I did not join them in their yoga and meditations, because there was just something.... I don't know. I like to do yoga by myself. When I learned at an ashram years ago, I was alone staying there, and maybe I got used to practicing alone, in silence. It was in a forested place, like where we live now. Once I started having babies, I stopped my yoga practice for years. I forgot the moves, but I think I kept the mind, at least some of the time. When I wanted to begin again, I went to this very yogi, Karen, who held the retreat here, and did her classes in town with a big group of other women. It was very nice, and Karen is an excellent teacher. My form is way improved, and I am so glad I did her classes.

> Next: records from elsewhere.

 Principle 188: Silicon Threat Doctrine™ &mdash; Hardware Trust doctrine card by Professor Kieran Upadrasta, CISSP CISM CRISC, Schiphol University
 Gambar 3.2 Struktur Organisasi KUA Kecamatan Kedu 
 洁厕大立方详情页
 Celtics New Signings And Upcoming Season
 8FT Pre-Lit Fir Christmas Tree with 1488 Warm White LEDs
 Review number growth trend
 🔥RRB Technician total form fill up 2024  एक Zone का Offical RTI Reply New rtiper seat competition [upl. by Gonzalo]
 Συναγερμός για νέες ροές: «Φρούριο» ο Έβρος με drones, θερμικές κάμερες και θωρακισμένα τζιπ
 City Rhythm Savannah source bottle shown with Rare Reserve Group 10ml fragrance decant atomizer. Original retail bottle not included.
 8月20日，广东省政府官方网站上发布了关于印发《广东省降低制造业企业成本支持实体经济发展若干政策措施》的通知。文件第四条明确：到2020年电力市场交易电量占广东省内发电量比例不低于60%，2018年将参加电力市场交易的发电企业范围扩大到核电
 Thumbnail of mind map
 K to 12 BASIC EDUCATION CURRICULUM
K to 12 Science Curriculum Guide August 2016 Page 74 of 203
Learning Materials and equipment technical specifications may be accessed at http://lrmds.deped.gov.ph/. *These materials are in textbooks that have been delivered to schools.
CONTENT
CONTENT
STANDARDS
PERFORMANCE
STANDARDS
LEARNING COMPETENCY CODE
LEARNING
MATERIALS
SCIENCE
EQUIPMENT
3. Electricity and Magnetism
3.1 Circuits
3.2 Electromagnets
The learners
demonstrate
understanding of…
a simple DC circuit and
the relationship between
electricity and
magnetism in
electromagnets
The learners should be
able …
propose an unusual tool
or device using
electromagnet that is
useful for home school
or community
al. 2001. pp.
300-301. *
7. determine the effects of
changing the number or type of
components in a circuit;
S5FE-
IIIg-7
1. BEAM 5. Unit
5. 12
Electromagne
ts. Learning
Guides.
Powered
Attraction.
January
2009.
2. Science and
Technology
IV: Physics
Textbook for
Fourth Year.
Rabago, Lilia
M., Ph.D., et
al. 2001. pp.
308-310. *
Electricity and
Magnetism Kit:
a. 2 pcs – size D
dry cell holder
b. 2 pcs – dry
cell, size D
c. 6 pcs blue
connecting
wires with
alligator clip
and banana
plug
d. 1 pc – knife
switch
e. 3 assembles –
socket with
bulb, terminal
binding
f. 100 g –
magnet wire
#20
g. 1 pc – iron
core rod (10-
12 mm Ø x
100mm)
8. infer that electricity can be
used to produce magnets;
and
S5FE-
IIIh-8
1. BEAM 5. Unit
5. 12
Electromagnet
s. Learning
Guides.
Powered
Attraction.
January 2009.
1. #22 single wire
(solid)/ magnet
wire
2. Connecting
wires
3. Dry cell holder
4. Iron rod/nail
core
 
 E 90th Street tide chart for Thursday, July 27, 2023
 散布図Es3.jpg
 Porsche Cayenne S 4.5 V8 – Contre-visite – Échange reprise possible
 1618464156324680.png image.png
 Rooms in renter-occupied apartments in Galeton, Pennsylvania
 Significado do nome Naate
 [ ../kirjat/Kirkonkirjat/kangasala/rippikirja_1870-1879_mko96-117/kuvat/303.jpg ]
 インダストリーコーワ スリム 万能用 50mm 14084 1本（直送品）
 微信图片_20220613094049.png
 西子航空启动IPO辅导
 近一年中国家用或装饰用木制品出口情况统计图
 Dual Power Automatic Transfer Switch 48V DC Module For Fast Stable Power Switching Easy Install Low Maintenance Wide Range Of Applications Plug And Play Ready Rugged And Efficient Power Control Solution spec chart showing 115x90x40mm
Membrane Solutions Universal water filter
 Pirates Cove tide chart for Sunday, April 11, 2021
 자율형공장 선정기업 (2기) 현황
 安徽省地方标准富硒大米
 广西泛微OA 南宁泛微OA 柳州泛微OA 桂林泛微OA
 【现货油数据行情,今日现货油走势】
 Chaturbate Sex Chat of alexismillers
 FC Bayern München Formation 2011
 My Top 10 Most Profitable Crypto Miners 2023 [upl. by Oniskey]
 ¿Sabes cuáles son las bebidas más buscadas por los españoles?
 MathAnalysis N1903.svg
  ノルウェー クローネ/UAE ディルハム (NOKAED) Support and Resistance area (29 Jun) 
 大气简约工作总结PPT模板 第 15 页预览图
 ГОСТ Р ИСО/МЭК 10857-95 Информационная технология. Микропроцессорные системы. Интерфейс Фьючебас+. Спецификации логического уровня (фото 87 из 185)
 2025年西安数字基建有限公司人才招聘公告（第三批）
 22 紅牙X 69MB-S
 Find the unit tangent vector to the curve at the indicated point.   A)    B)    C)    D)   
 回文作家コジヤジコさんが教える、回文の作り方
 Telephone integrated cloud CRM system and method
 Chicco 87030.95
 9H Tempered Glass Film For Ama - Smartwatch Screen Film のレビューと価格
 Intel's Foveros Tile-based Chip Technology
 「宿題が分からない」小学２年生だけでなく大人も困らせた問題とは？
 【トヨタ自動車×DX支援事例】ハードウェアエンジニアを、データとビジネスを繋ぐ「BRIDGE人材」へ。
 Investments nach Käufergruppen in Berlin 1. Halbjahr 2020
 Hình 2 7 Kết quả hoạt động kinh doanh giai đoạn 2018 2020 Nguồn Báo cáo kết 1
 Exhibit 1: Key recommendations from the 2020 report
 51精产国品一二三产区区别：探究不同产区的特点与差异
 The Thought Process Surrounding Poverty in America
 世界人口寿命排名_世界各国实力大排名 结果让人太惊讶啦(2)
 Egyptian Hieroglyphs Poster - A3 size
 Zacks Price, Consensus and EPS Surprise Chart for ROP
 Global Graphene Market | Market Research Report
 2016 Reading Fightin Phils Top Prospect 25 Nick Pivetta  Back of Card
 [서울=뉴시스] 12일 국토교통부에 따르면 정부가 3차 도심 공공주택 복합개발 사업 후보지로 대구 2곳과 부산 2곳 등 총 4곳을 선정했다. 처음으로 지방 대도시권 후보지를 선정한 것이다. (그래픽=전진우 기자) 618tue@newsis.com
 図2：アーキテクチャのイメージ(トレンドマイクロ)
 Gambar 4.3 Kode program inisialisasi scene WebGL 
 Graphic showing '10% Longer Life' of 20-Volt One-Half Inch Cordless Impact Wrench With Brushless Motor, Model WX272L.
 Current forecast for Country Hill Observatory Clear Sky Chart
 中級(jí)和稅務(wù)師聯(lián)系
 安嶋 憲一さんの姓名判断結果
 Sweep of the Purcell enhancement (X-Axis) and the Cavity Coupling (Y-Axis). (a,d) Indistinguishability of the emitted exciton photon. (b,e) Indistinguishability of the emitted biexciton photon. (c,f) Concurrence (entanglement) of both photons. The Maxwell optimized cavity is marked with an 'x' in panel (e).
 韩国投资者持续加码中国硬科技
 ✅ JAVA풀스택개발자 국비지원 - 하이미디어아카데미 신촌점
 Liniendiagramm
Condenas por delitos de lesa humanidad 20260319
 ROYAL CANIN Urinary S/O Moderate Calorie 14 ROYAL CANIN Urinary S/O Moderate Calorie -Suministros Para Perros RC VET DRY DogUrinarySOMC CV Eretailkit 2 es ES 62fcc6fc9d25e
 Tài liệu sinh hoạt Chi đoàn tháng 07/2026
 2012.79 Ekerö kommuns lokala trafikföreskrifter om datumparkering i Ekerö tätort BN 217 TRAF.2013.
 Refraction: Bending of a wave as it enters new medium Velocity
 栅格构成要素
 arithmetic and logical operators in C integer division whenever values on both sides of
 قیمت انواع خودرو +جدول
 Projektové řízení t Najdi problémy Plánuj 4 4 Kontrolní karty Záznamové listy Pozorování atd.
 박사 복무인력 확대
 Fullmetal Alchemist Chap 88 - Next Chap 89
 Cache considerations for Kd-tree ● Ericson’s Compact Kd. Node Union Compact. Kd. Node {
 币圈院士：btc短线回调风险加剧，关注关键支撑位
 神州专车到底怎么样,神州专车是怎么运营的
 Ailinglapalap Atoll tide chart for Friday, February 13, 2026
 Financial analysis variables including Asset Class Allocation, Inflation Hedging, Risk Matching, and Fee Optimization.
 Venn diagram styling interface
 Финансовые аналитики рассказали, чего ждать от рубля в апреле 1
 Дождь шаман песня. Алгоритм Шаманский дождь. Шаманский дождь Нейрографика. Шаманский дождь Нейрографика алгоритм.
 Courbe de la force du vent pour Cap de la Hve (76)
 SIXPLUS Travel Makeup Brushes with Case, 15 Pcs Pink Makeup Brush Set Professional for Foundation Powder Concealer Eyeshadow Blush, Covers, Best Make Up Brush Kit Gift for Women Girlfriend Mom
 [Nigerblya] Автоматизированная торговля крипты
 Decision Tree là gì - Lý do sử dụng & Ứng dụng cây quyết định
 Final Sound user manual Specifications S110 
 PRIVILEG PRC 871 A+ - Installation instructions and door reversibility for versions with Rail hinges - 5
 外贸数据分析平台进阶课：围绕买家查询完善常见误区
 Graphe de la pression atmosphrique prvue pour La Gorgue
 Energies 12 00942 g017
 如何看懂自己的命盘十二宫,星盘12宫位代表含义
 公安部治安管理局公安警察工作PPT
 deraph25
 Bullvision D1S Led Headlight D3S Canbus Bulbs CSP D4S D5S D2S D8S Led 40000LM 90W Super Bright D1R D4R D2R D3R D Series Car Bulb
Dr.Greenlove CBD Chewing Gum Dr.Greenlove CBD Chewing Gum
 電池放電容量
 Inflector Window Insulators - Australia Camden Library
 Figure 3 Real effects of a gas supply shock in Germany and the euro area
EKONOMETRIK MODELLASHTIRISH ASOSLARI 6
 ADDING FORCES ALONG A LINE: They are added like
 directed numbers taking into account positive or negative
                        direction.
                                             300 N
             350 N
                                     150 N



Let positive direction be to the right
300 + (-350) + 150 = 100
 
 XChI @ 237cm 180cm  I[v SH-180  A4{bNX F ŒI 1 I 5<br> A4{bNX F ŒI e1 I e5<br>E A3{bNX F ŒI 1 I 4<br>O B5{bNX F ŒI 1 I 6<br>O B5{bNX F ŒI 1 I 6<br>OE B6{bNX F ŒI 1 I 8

But. I couldn't keep going, once I had re-learned the moves. There is something about doing yoga inside an airconditioned building, surrounded by steel and concrete and people, that makes it not happen for me. Does that make me a yoga snob? Okay, yes it does.
And then a funny thing happened.... After the excellent lunch of lasagne, I went back to my desk to find peace in order and neatness. And suddenly, at about three o'clock, I heard it... a voice, in my head, deep and mellow... It said ... "OOOoommm namaaah lasagneeaaah..."
I crept back to the house of meditation, where I intended to see if there was any lasagne left, and there was! But at that moment, there was a sigh and a rustle, and the whole yoga school finished their meditation and came into the kitchen.
I admitted my wicked and greedy thoughts, and was rewarded with a slice of the choclateyest cake ever. See? Nirvana!